### Task inputs
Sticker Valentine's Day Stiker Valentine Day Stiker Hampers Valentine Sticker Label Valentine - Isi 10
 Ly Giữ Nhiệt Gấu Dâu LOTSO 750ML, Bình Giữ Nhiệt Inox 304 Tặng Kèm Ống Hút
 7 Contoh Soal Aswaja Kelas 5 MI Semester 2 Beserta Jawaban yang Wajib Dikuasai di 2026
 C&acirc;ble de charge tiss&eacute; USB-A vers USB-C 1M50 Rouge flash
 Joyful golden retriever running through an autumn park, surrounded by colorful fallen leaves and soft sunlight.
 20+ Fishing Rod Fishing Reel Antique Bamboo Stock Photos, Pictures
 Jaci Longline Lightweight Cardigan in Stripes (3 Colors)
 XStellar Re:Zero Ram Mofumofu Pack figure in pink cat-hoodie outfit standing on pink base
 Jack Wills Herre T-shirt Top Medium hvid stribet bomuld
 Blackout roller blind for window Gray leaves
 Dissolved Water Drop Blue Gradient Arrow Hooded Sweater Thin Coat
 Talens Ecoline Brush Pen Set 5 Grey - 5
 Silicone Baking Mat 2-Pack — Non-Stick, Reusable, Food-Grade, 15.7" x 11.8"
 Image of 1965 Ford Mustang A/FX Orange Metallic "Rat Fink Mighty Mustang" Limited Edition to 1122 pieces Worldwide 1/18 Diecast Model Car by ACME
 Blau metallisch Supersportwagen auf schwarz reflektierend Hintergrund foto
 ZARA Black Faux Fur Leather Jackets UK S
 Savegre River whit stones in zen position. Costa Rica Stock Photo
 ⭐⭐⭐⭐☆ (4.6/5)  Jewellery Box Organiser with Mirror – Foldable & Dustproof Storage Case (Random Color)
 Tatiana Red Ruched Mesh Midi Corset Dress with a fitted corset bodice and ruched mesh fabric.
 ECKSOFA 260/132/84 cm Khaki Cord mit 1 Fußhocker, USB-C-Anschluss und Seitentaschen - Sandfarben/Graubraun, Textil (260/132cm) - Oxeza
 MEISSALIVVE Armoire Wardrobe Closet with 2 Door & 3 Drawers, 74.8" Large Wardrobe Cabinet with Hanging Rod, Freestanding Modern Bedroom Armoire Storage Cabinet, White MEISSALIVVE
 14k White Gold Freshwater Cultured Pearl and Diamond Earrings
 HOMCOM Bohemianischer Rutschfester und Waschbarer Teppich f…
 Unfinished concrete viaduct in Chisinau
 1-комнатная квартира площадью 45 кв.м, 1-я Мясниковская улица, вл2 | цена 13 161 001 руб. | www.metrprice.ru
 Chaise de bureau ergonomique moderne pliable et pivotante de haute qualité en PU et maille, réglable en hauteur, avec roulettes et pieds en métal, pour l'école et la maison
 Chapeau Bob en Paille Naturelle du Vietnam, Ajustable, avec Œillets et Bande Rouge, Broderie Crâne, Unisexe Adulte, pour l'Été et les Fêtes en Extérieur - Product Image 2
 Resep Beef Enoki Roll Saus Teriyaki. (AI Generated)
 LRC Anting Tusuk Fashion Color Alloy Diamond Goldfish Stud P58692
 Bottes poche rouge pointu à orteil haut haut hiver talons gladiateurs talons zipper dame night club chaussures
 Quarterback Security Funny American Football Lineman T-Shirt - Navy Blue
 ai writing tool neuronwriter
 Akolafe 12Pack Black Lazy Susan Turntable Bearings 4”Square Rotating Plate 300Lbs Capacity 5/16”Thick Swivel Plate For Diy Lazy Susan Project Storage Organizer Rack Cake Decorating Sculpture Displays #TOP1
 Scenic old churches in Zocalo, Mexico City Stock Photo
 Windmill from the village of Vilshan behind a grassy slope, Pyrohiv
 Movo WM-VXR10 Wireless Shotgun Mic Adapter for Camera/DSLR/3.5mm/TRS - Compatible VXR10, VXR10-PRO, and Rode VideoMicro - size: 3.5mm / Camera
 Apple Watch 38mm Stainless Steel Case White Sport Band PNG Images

### Required action
Begin at the first line of the entries above and copy every line exactly, ending with the line that contains "20+ Fishing Rod".

### Response
Sticker Valentine's Day Stiker Valentine Day Stiker Hampers Valentine Sticker Label Valentine - Isi 10
 Ly Giữ Nhiệt Gấu Dâu LOTSO 750ML, Bình Giữ Nhiệt Inox 304 Tặng Kèm Ống Hút
 7 Contoh Soal Aswaja Kelas 5 MI Semester 2 Beserta Jawaban yang Wajib Dikuasai di 2026
 C&acirc;ble de charge tiss&eacute; USB-A vers USB-C 1M50 Rouge flash
 Joyful golden retriever running through an autumn park, surrounded by colorful fallen leaves and soft sunlight.
 20+ Fishing Rod Fishing Reel Antique Bamboo Stock Photos, Pictures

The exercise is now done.